Dataset content:
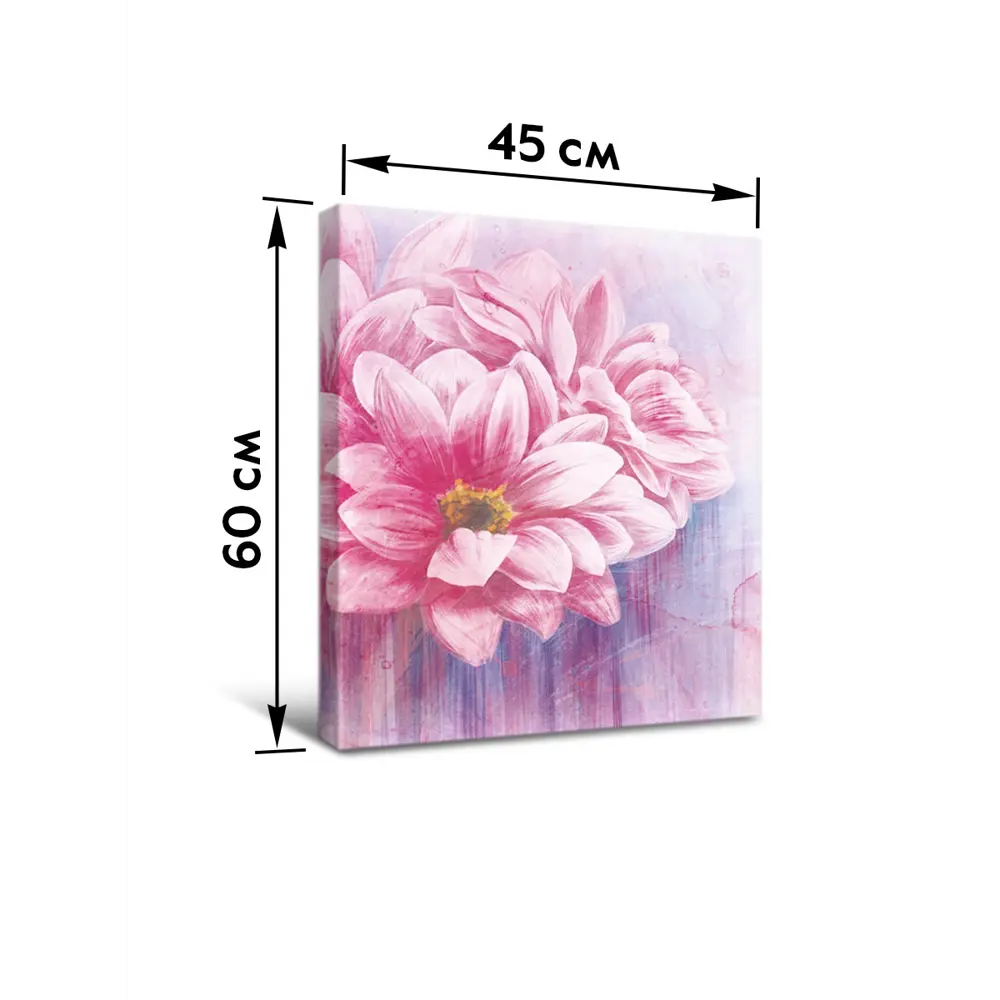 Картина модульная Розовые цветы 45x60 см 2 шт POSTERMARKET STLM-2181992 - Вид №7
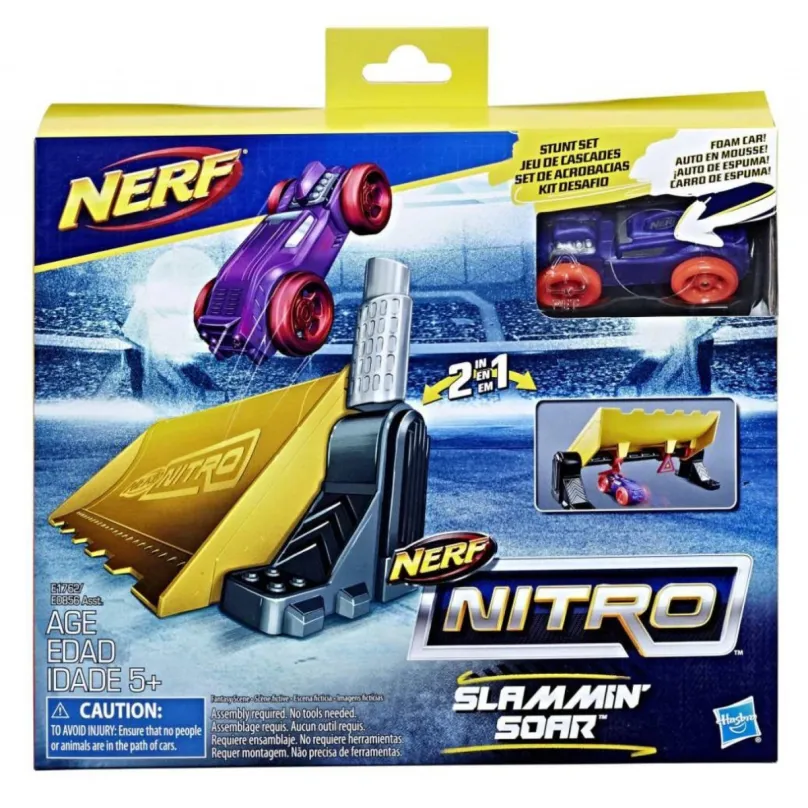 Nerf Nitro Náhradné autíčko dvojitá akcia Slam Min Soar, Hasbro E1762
---
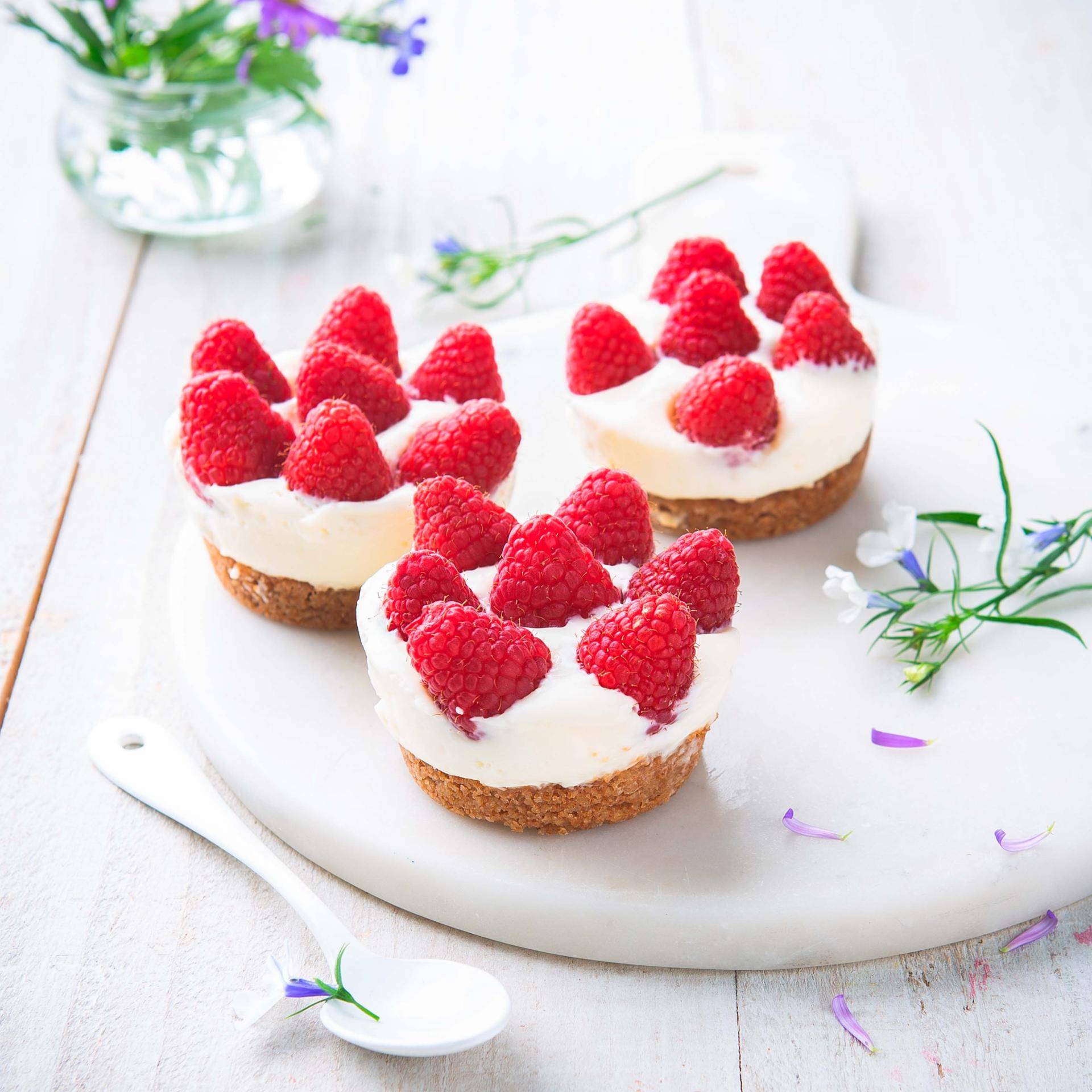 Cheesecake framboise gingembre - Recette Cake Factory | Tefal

Instructions for the task: Given the listing above, repeat exactly the lines starting at the one with "Картина модульная Розовые" and ending at the one with "Nerf Nitro Náhradné", inclusive, excluding pictures.

Solved exercise:
 Картина модульная Розовые цветы 45x60 см 2 шт POSTERMARKET STLM-2181992 - Вид №7
 Nerf Nitro Náhradné autíčko dvojitá akcia Slam Min Soar, Hasbro E1762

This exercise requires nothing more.